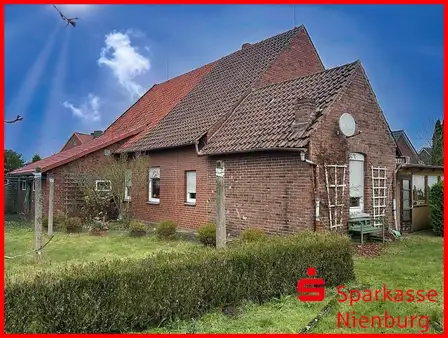 Casa de 4 habitaciónes en Nienburg, Germany No. 155783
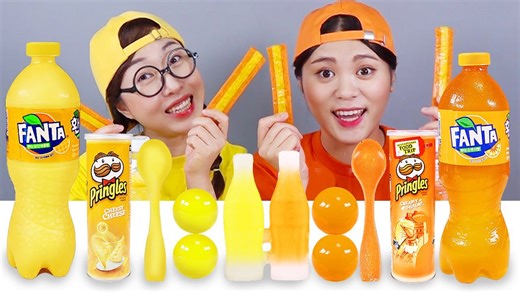 Tantangan makanan jeli kuning vs jeli jeruk DONA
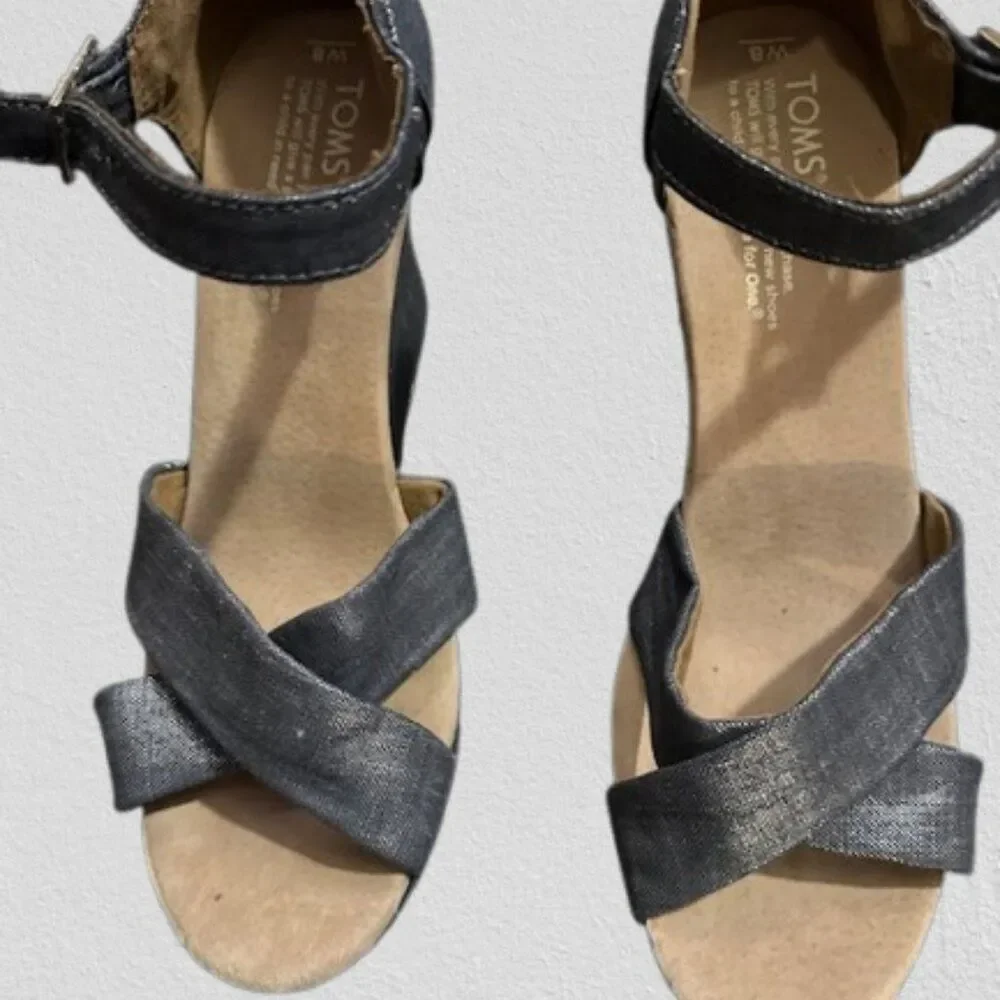 *****  Toms Sienna Metallic Blue Wedge Sandal  7345  Size 8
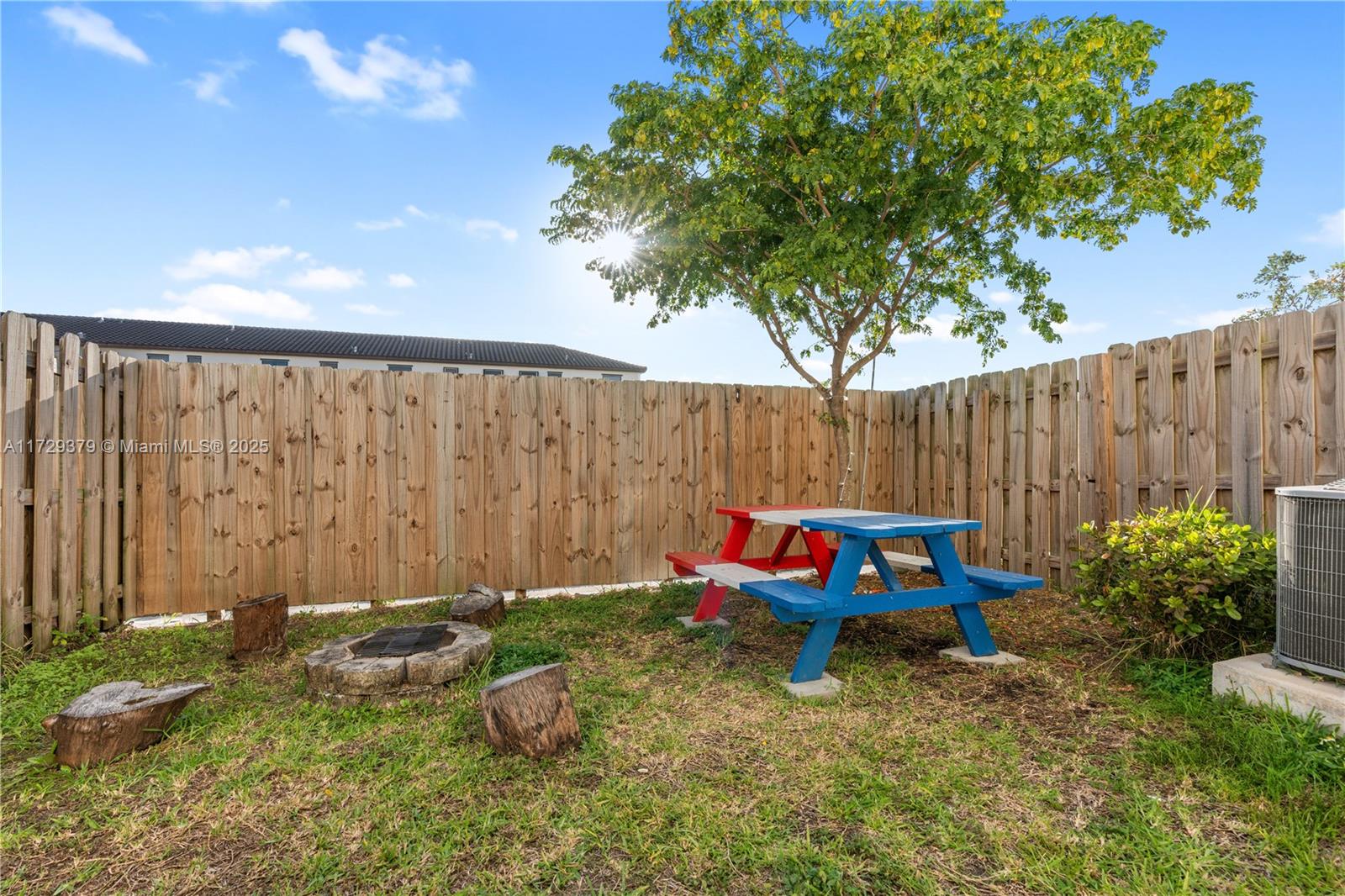 SIENNA CREEK - Residential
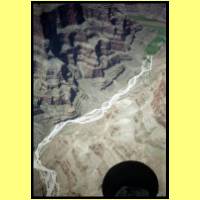 IL011-024_s.jpg
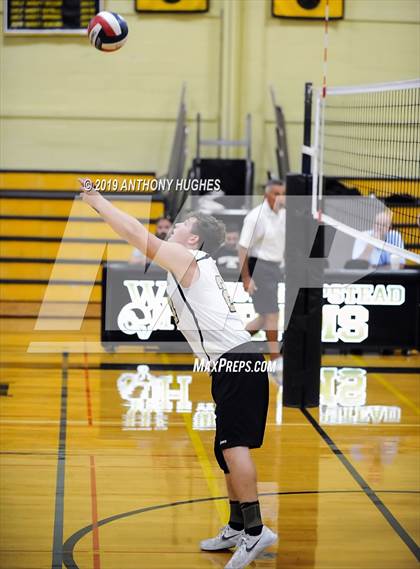 Thumbnail 3 in Farmingdale vs. West Hempstead photogallery.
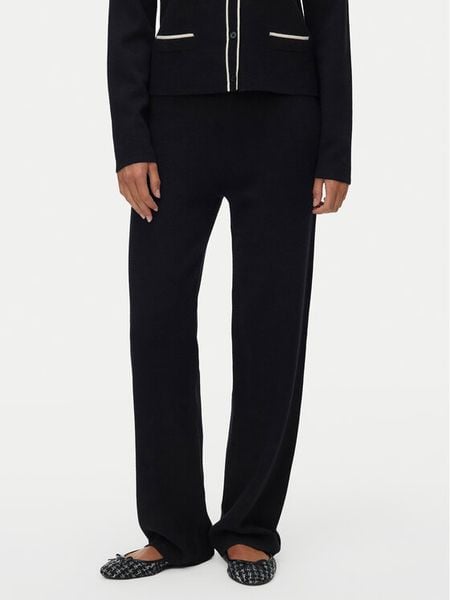 Vero Moda Spodnie dzianinowe Gold 10337637 Czarny Loose Fit. Czarne spodnie materiałowe damskie Vero Moda, bez wzorów, z dzianiny. Za 219.99 zł.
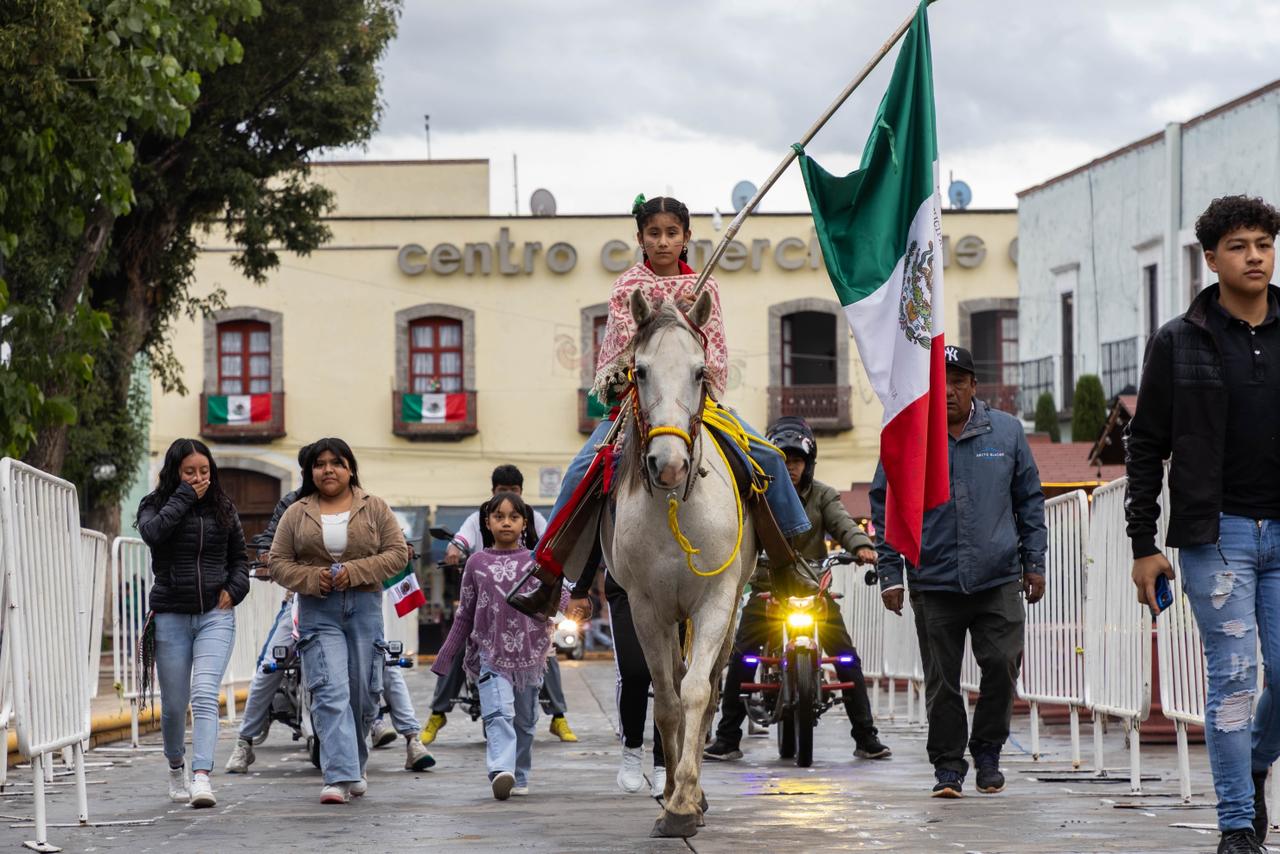 Las 39 comunidades de Huamantla reciben el fuego patrio para compartirlo con su gente y vivir las fiestas nacionales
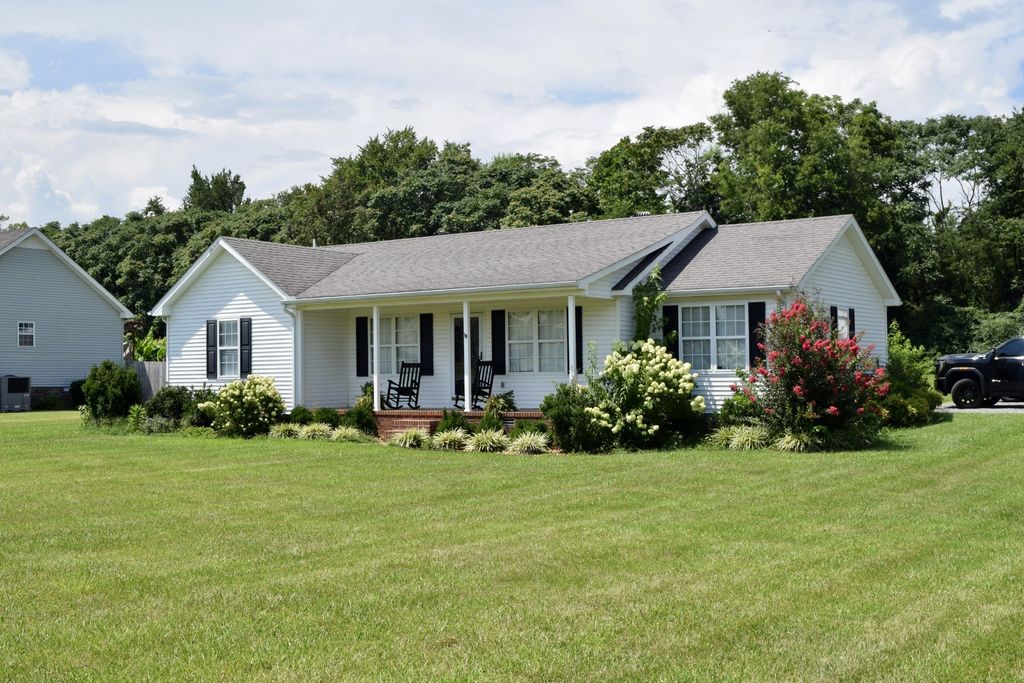 220 Joyce Cir, Lafayette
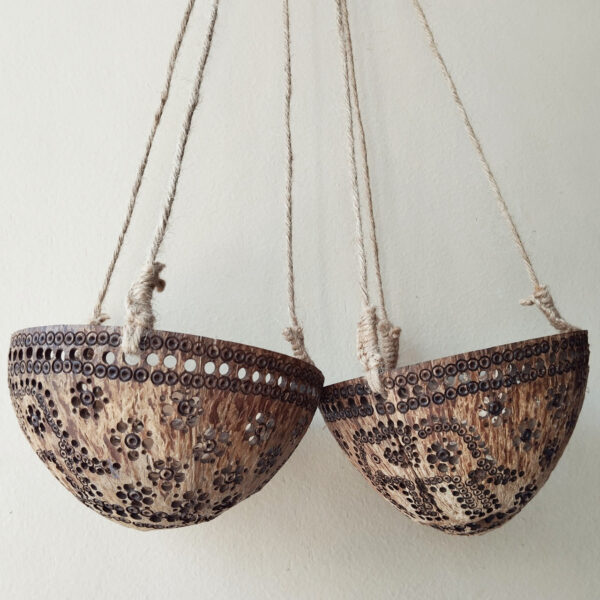 Set 2 Pcs Large Size Handicraft Coconut Shell Hanging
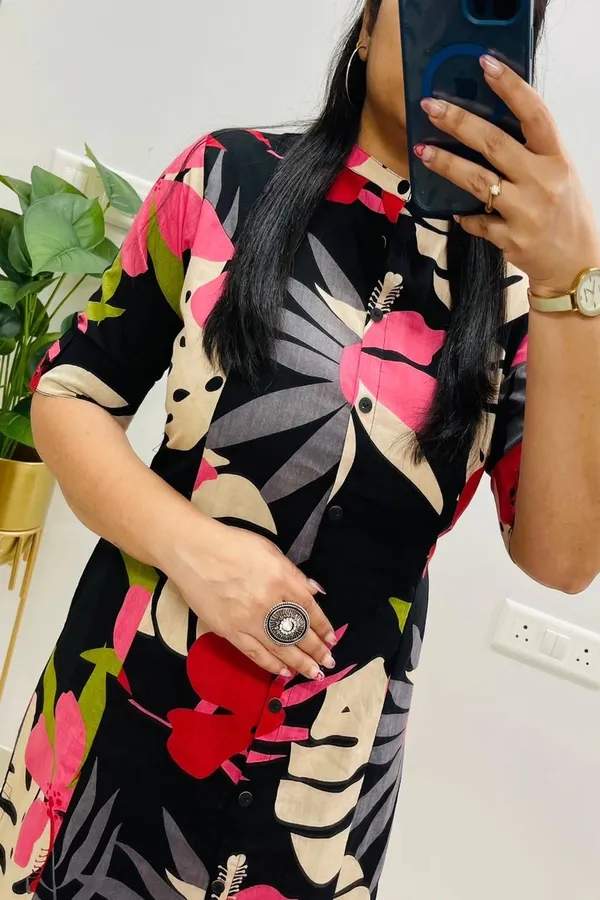 Black_Cotton_Floral_Printed_Kurta_Set_For_Women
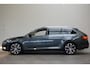 Skoda Superb Combi 2.0 TSI 4x4 Style Business 280 PK! AUTOMAAT! APPLE XENON CLIMA TREKHAAK etc.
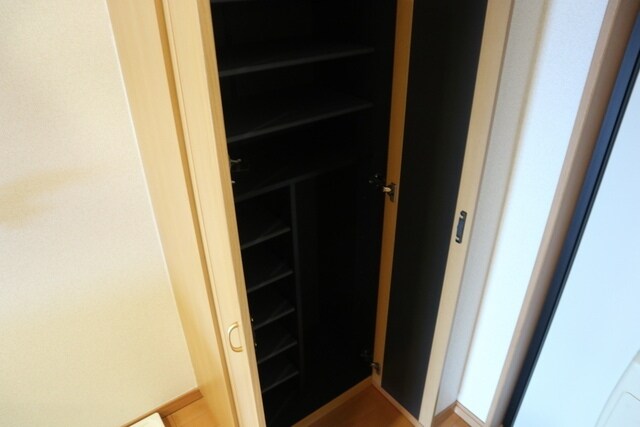 サゥーヂビバⅠの物件内観写真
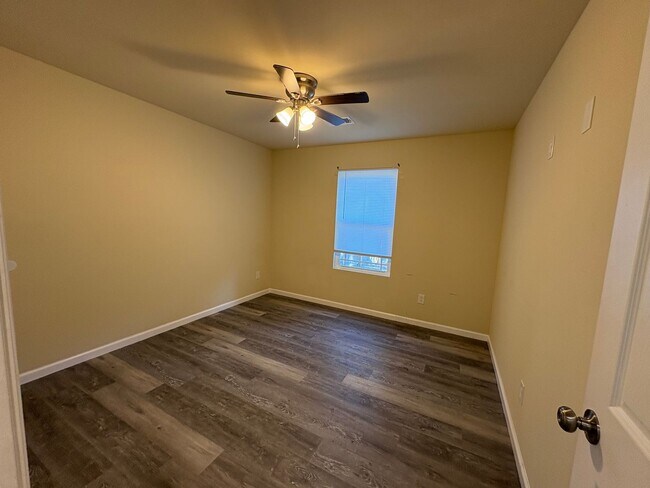 Building Photo - 308 S Third Street-Apartment 2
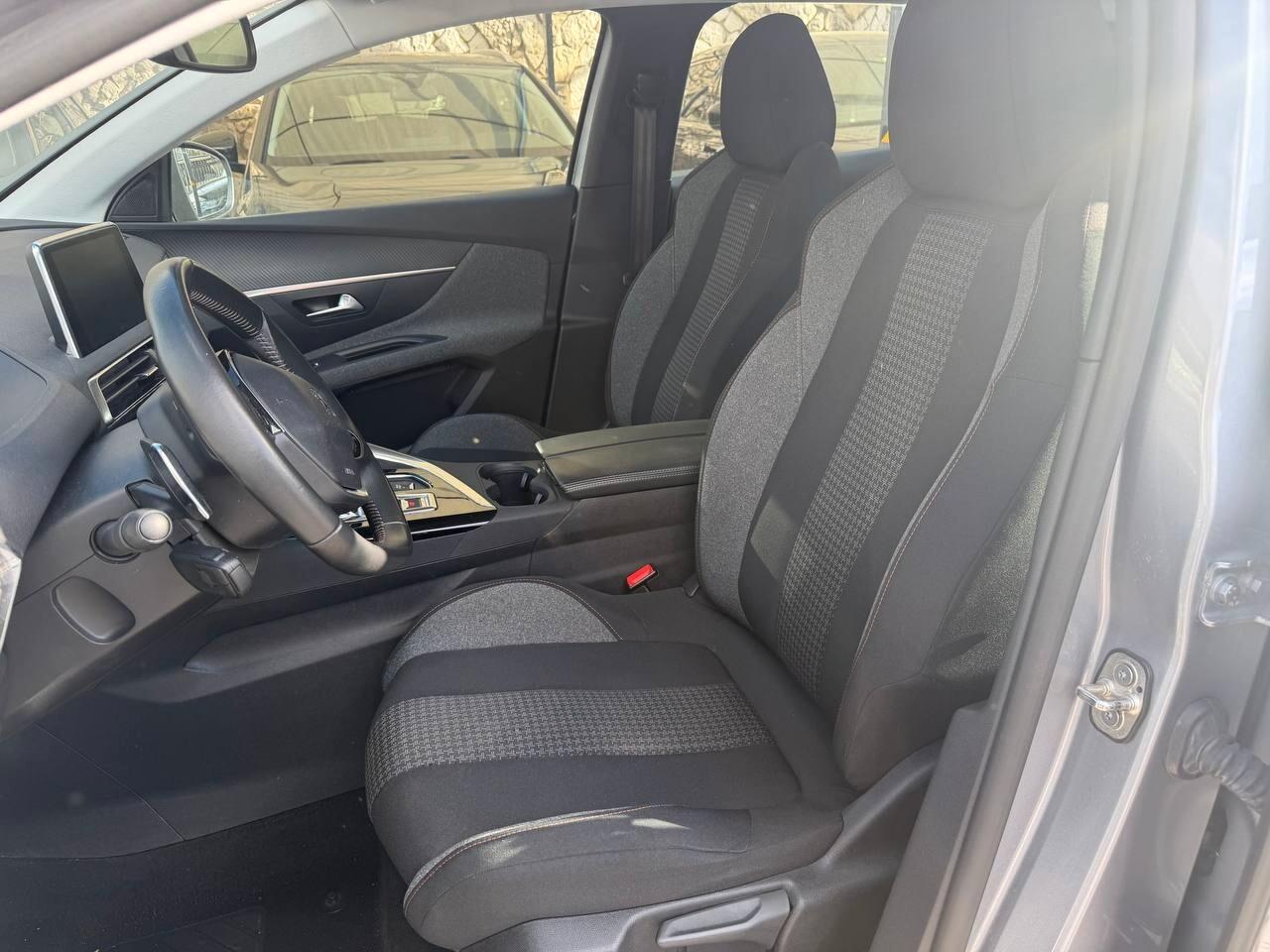PEUGEOT 3008 2022 1.5 130CV EAT8 – GARANZIA 24 MESI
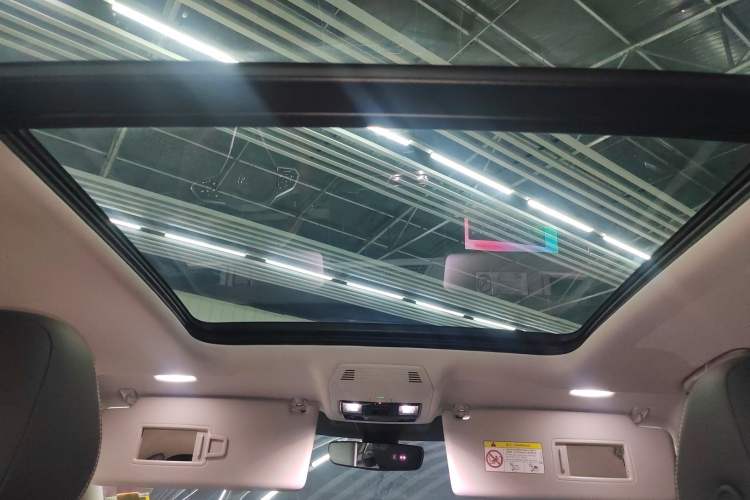 Used Volkswagen Teramont 2025 Tiguan Pro 450TSI 4Motion Crosswind Edition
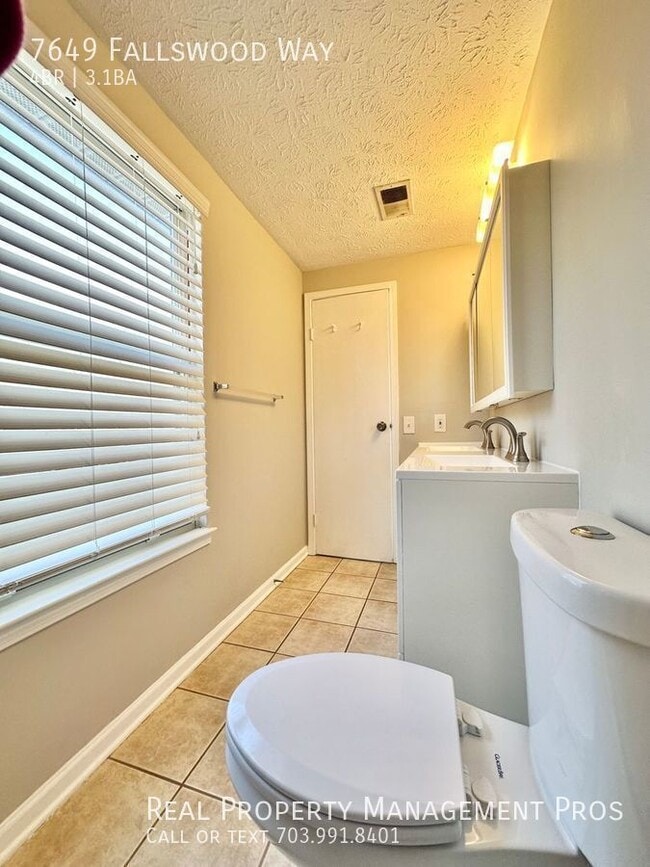 Building Photo - 7649 Fallswood Way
####
Activity: Except for the pictures, set down each line of the records exactly as it appears.

Task answer:
 Casa de 4 habitaciónes en Nienburg, Germany No. 155783
 Tantangan makanan jeli kuning vs jeli jeruk DONA
 *****  Toms Sienna Metallic Blue Wedge Sandal  7345  Size 8
 SIENNA CREEK - Residential
 IL011-024_s.jpg
 Thumbnail 3 in Farmingdale vs. West Hempstead photogallery.
 Vero Moda Spodnie dzianinowe Gold 10337637 Czarny Loose Fit. Czarne spodnie materiałowe damskie Vero Moda, bez wzorów, z dzianiny. Za 219.99 zł.
 Las 39 comunidades de Huamantla reciben el fuego patrio para compartirlo con su gente y vivir las fiestas nacionales
 220 Joyce Cir, Lafayette
 Set 2 Pcs Large Size Handicraft Coconut Shell Hanging
 Black_Cotton_Floral_Printed_Kurta_Set_For_Women
 Skoda Superb Combi 2.0 TSI 4x4 Style Business 280 PK! AUTOMAAT! APPLE XENON CLIMA TREKHAAK etc.
 サゥーヂビバⅠの物件内観写真
 Building Photo - 308 S Third Street-Apartment 2
PEUGEOT 3008 2022 1.5 130CV EAT8 – GARANZIA 24 MESI
 Used Volkswagen Teramont 2025 Tiguan Pro 450TSI 4Motion Crosswind Edition
 Building Photo - 7649 Fallswood Way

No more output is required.